Кабанчика подали мне как заказано: «по-рыцарски», то есть на огромной круглой деревянной доске, окаймленной высоким буртиком – чтобы мясной сок не проливался, на той же доске уместились обеденный тесак, полагающийся к этому блюду, и круглая доска с буртом поменьше – чтобы на нее уже накладывать ломти и с нее есть. Для большой доски приготовлена подставка, рядом с моим столом, чтобы лишнего места не занимать. Гость, заказавший кабанчика по-рыцарски, должен и хочет соблюдать столовый этикет: он берет в руку тесак и сильными изящными ударами поперек кабанчика отделяет себе ломоть за ломтем, а потом укладывает к себе, на столовую доску. Туда же кладет зелень и хлеб и приправы. Удары должны быть точны, дабы ломти получались ровными по всему срезу, равными друг другу по толщине. Мне это нетрудно. Первый ломоть я смел во мгновение ока, даже без хлеба, а второй перегрузил на еще одну подставную доску и велел отнести стряпухе, в знак уважения и признательности: искуснице трактирной – от ценителя едока. Обычно повар делится со слугами, и, судя по оживленной возне, доносящейся из-за кухонных дверей – здесь чтят кабацкие обычаи. Что такое один, пусть даже увесистый, ломоть на всю ораву? – песчинка в буре. Но остальную добычу кухонные пусть подождут, авось не подохнут.

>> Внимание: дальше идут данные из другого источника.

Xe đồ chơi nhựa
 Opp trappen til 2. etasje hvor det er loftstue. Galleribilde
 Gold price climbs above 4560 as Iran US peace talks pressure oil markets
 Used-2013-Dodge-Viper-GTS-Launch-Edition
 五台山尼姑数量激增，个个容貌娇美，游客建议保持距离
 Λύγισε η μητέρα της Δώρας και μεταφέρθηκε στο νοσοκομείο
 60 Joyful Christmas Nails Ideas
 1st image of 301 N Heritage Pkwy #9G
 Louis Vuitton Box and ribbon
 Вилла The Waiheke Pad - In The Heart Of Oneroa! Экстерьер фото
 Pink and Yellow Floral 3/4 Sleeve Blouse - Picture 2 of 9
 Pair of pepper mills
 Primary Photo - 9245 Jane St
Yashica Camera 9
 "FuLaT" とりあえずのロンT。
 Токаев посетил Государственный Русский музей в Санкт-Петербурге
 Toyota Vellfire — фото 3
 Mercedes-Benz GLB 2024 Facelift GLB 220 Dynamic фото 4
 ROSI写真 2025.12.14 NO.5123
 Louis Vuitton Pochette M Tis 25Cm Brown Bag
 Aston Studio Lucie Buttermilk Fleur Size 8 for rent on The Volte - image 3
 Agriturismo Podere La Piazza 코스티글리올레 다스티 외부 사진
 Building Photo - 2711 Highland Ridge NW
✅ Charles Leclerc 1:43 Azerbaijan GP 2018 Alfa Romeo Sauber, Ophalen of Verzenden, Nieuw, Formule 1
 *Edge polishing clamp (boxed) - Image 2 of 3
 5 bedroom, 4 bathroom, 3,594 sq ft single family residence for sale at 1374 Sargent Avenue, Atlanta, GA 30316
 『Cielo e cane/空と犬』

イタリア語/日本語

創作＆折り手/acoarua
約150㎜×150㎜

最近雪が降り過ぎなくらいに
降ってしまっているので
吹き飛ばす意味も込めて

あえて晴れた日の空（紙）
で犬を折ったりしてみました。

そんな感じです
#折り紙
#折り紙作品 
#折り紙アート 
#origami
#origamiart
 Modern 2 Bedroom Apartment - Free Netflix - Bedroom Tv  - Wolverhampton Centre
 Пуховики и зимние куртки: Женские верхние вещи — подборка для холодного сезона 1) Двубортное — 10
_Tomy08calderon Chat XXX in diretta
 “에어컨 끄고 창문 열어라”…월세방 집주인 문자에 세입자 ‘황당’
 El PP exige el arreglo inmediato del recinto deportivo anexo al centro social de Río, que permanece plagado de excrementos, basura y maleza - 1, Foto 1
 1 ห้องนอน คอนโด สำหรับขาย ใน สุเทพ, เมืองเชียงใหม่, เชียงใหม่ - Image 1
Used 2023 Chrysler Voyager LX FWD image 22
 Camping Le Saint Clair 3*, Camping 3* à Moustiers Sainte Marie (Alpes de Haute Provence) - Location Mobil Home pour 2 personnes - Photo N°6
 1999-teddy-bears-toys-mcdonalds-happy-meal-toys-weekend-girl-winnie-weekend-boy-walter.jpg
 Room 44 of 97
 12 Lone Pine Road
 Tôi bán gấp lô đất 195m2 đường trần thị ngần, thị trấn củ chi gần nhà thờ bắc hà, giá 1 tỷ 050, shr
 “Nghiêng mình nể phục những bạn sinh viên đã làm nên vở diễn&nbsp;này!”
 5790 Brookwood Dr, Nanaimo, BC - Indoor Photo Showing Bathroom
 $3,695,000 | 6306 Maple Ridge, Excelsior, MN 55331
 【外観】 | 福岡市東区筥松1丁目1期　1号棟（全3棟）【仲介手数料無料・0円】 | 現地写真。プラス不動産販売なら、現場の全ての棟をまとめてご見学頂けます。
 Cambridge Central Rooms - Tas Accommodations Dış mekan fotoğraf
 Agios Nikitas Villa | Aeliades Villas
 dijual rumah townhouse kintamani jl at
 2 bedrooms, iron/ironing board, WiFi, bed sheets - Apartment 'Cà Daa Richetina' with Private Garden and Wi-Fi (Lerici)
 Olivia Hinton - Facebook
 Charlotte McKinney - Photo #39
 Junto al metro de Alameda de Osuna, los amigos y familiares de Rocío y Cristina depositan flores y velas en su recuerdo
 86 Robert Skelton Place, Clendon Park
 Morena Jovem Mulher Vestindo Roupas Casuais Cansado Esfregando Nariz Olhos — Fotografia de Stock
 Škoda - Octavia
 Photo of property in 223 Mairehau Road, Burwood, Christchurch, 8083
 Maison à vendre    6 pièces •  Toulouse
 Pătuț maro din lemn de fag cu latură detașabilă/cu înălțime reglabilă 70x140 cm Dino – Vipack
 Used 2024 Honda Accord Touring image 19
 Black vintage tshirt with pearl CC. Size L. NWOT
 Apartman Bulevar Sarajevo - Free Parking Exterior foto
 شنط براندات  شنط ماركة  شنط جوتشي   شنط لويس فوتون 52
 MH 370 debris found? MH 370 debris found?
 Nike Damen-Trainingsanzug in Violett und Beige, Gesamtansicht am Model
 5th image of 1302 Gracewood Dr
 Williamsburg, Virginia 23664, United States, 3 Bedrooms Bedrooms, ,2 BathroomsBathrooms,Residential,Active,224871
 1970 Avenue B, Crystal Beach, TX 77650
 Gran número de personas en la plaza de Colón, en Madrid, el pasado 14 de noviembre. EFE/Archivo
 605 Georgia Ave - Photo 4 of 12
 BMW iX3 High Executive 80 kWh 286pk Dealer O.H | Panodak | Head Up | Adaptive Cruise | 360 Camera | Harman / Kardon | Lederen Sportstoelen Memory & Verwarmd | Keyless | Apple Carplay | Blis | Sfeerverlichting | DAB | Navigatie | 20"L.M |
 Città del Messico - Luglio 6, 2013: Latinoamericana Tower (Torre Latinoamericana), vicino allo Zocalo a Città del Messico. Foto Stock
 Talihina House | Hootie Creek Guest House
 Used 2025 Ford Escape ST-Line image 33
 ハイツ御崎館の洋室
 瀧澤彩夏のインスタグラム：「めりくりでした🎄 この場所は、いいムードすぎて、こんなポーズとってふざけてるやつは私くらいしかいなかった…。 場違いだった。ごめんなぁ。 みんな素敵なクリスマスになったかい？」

Я жрал во всю мощь своего усердного изголодавшегося желудка, запивая кабанчика белым вином и заедая вино кабанчиком, зеленью, белым хлебом, вымоченным в густом и жирном соке мясном… Ух, хорошо!

Тем временем прикатилась колобком трактирщица Кавотя, встала передо мной, как лист перед травой – толстые руки под передник, в глазах надежда и робость… Стоит, отдувается.

– Как вам кабанчик, сиятельный…

– Изрядный кабанчик, докладывай!

Бубнит, пыхтит моя трактирщица, мекает, заикается – нашла она мне комнату для постоя. Как раз в двух шагах, напротив трактира, только мне улицу перейти. Горница большая, светлая, а наружная дверь в дом закрывается на ключ! Ишь, ты… на ключ…

– А что в доме том, подати, что ли, хранились?

– Не-е, мы деревня свободная, приграничная, над нами хозяина нет, окромя короны. Не подати, а налоги в государеву казну. Ой! А как вы дога…

– Да никак! В приграничной деревне что наружные, что внутренние запоры в хижинах большая редкость. Ворота – иное дело. Раз есть запор – для чего он? Для преступников? – Нет. Отсидеться от врагов? – Тоже нет. Стало быть – выполняют предписанное законом. Все просто.

Трактирщица уразумела нехитрую цепь моих рассуждений и заколыхалась от смеха:

– Отсиживаться от вра… Ой, уморили! Ой, лопну сейчас… давно я так… Простите, сиятельный господин Зиэль, это я не над вами, а просто представила себе, как за дверью отсиживаются… – Тетка спохватилась и запыхтела, в попытках прекратить смех и согнуться в извинительном поклоне.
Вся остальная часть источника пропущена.